WHAT YOU SHOULD DO:
Below are entries with pictures in them. Output exactly the lines starting at the line with "560 E Drayton Street, Ferndale, MI 48220" and ending at the line with "2026 BMW 7 Series 750e xDrive", both included, but not the pictures.

AVAILABLE DATA:
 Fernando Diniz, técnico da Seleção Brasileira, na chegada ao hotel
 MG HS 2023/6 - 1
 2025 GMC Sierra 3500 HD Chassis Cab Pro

...

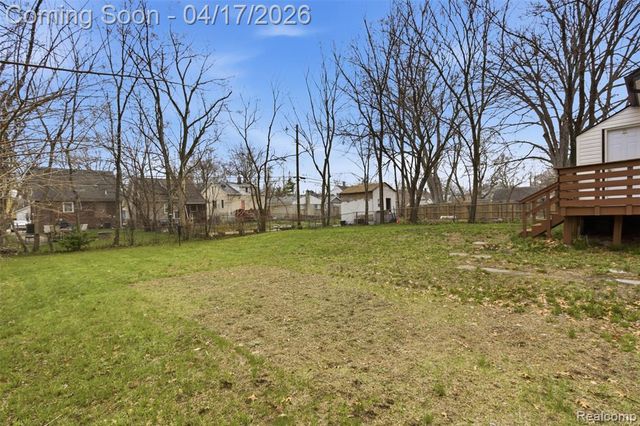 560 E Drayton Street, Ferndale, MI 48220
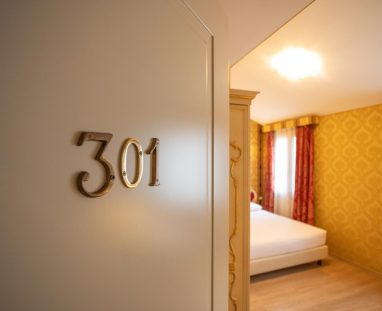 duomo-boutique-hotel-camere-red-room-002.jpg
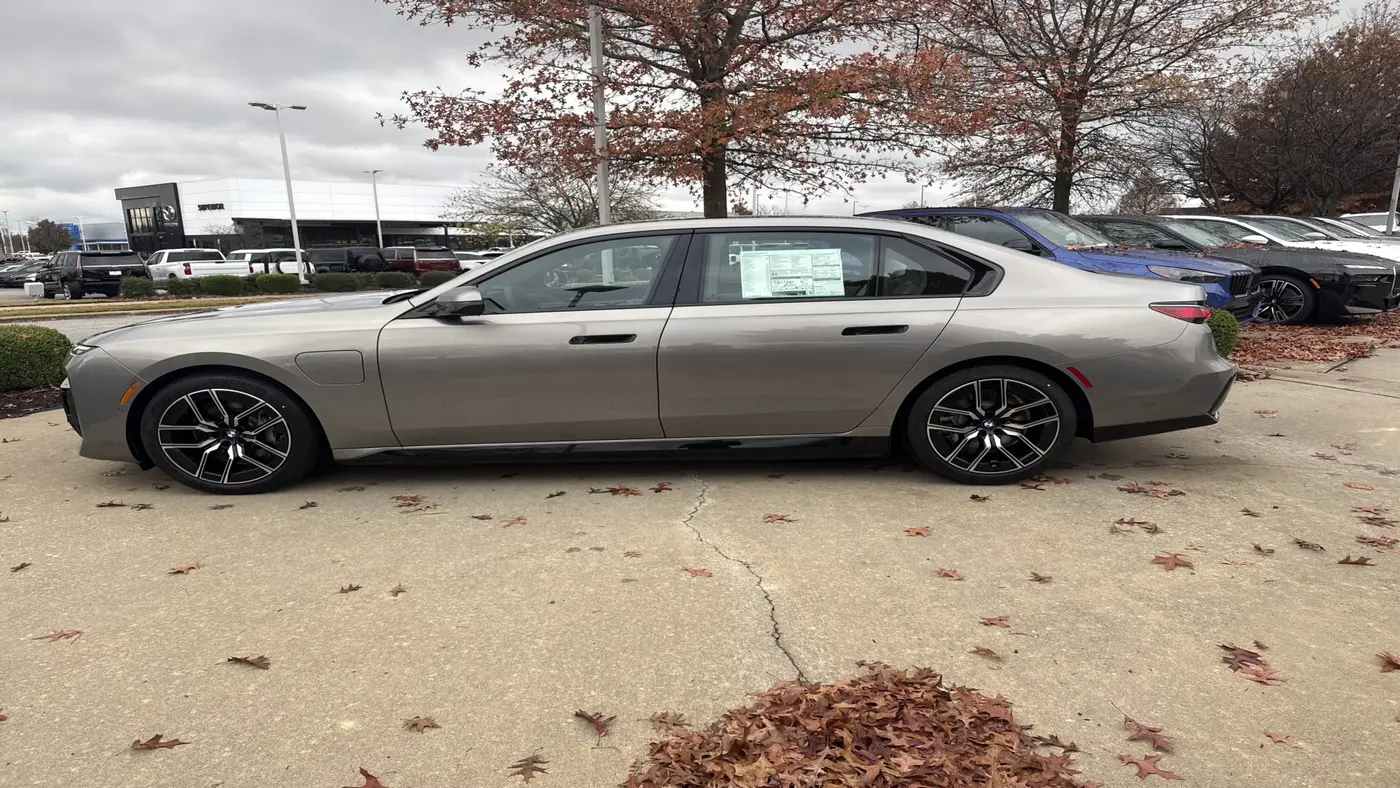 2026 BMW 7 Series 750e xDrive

==

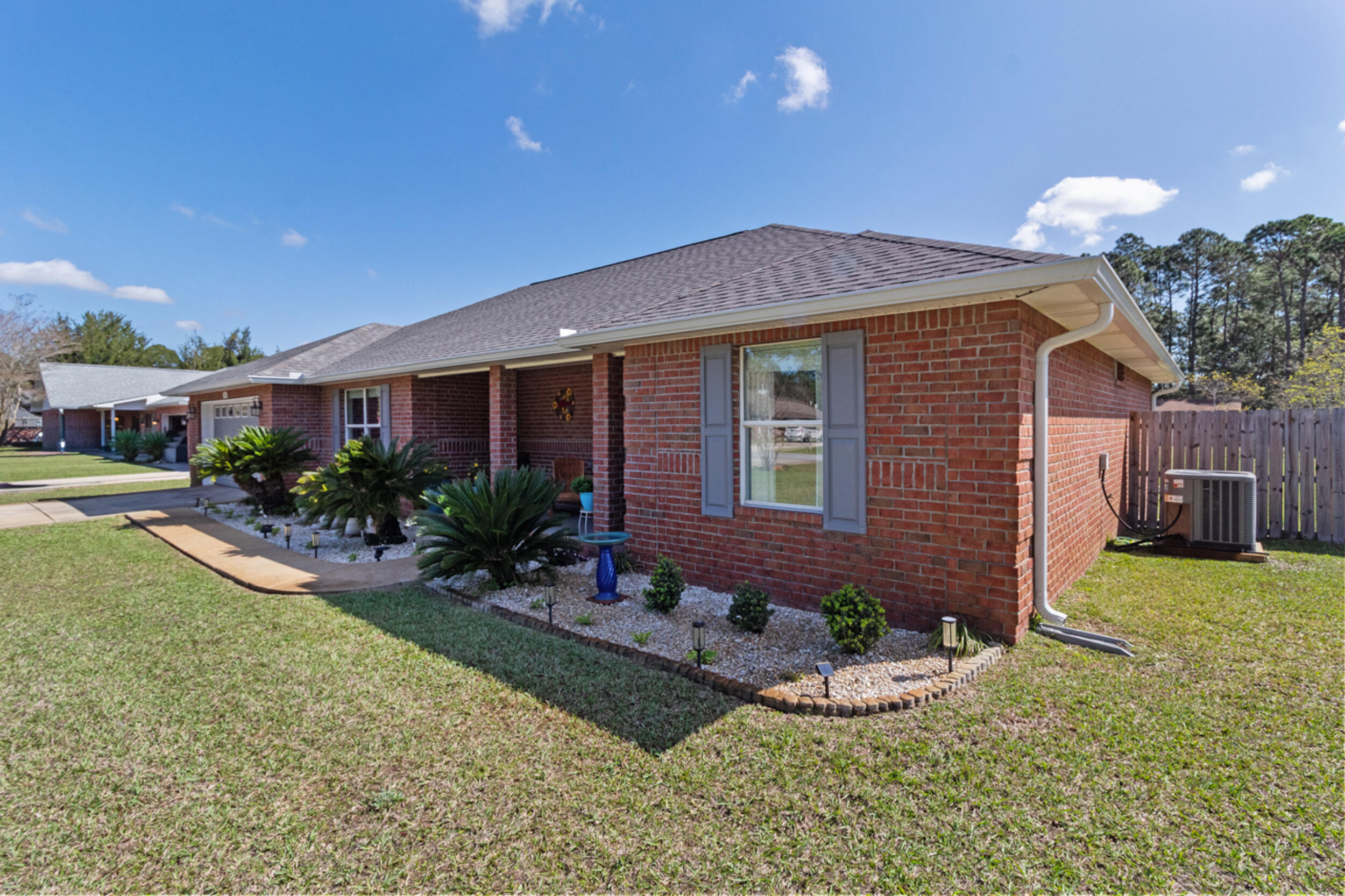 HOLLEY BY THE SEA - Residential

ANSWER TO THIS PROBLEM:
 560 E Drayton Street, Ferndale, MI 48220
 duomo-boutique-hotel-camere-red-room-002.jpg
 2026 BMW 7 Series 750e xDrive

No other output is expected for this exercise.